Technical Abstract: Bacteria from the family Flavobacteriaceae include a number of pathogens of fish and other animals. An examination of 78 diverse Flavobacteriaceae isolates recovered from diseased salmonid fish revealed that many of these organisms were resistant to a range of antimicrobials. However, there is limited information on the actual disease risks such organisms pose, or on their antibiotic resistance mechanisms.

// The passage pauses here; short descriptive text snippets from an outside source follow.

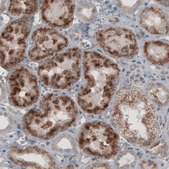 Monoclonal Anti-ACAA1 antibody produced in mouse Prestige Antibodies® Powered by Atlas Antibodies, clone CL2663, purified immunoglobulin, buffered aqueous glycerol solution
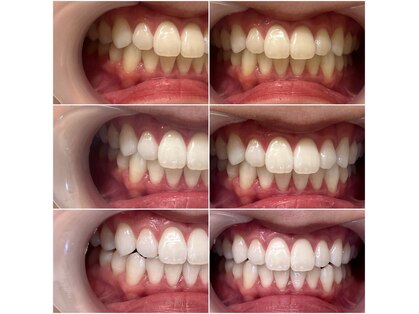 ホワイトニングショップ 霧島店の写真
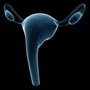 Tips to Prevent Ovarian cancer
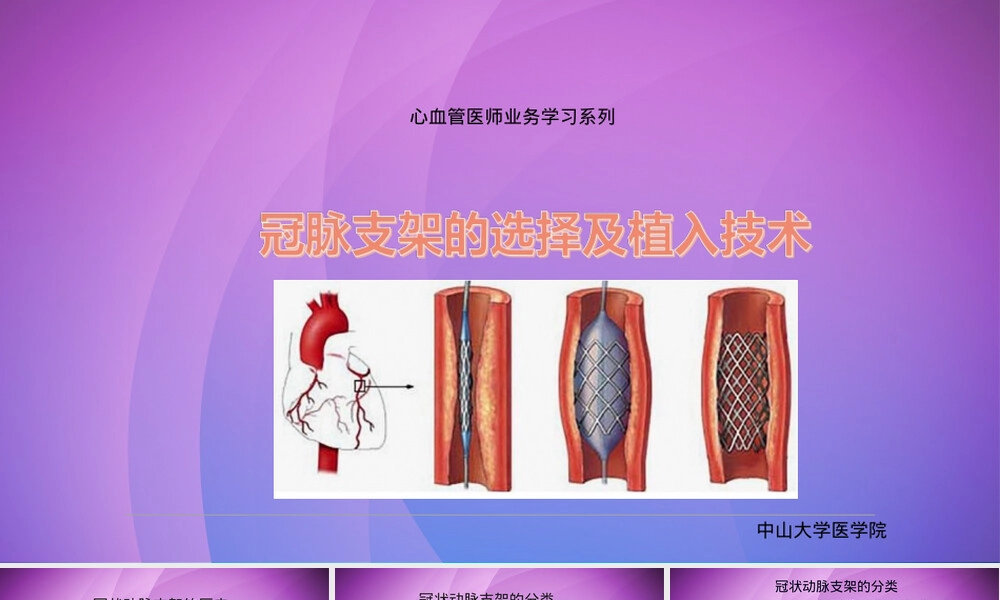 冠脉支架选择与植入技术教学PPT课件.ppt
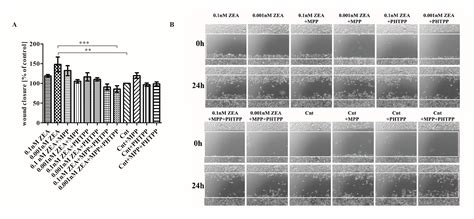 Estrogen Receptor α Is Crucial in Zearalenone-Induced Invasion and ...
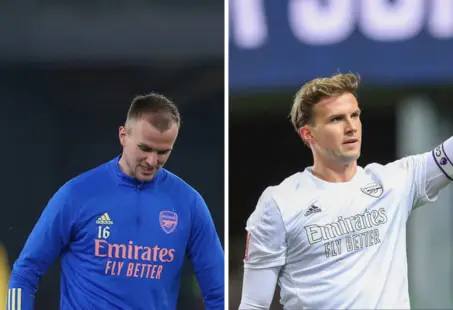 Rob Holding hair transplant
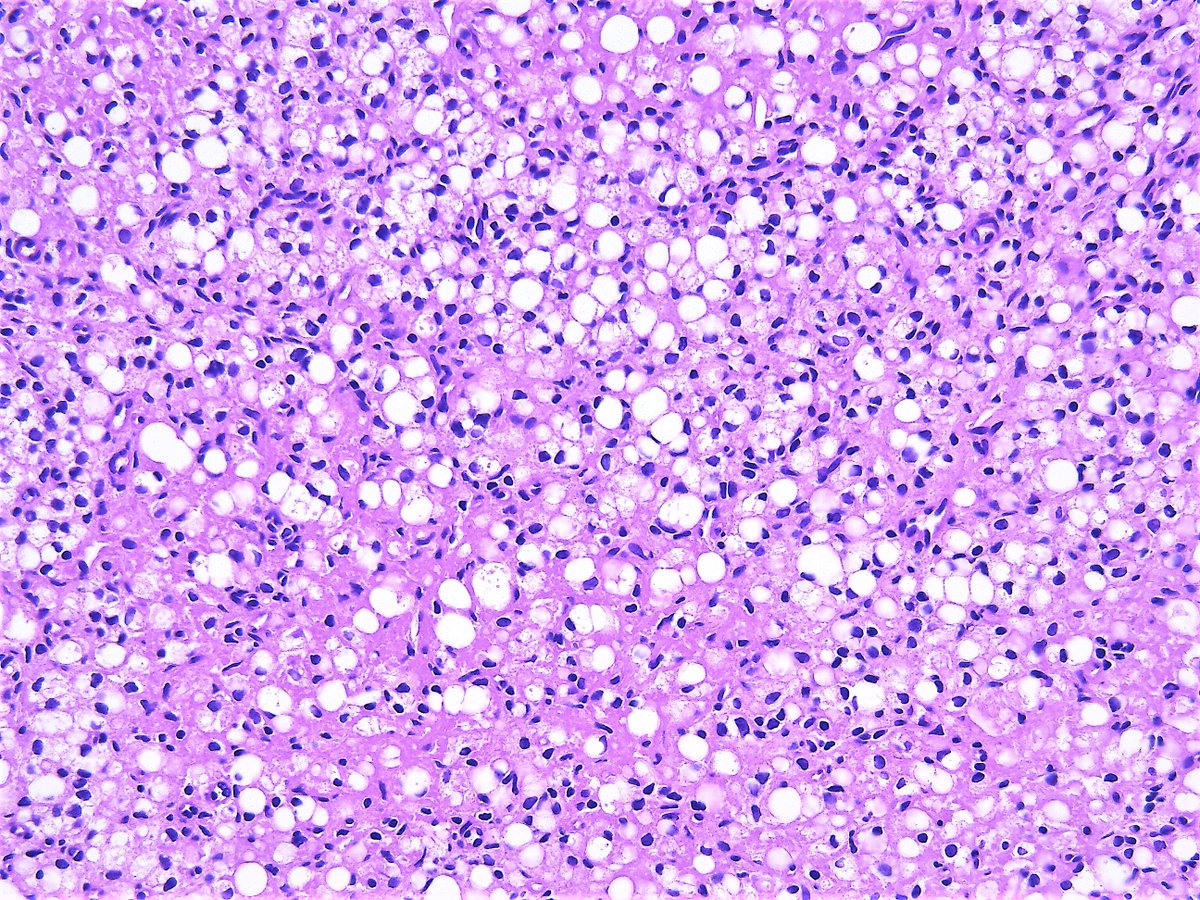 Patholwalker's tweet photo. Signet-ring stromal tumor. Ovary, enucleation. HE stain. https://t.co/O766UidnT1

Thirty-five Flavobacteriaceae isolates that could grow in greater than 2 mg/l florfenicol in vitro were examined for the presence of resistance genes by microarray. With the exception of two Chryseobacterium spp. isolates that were positive for floR, no other well-characterized clinical resistance genes were identified by microarray in any of the isolates. Whole genome sequence analysis revealed the presence, in both the floR positive isolates, of a likely Integrative Conjugative Element (ICE) that encoded for a number of putative AMR genes. These included floR, a tetX tetracycline resistance gene, a streptothricin resistance protein and a chloramphenicol acetyl GC transferase. Other resistance genes were also identified, including a putative Extended Spectrum Beta lactamase and multidrug efflux pump-encoding genes. Follow up in silico analysis of 377 published Flavobacteriaceae isolates from a range of sources, confirmed that well-characterized resistance gene cassettes could not be readily identified in bacteria from this group. The limited exception was floR, that was also identified in a plasmid associated with an avian pathogen, Riemerella anatipestifer. Efflux pump-mediated increased tolerance to a range of antimicrobials, including oxolinic acid, chloramphenicol and enrofloxacin, was confirmed in both isolates using an efflux pump inhibitor PAßN disc diffusion assay. The two isolates characterized in detail possessed a number of putative virulence factors, including the ability to grow in iron restricted environments, production of siderophores, hemolysins and other exoproteases. Mortalities were induced in rainbow trout injected with high doses of the two Chryseobacterium spp. isolates but not in Atlantic salmon. In general, results support the suggestion that, despite the discovery of an ICE carrying floR, resistance to antimicrobials in this group (Flavobacteriaceae) is mostly mediated via other mechanisms than the horizontally acquired resistance genes more normally associated with Gram negative bacterial pathogens.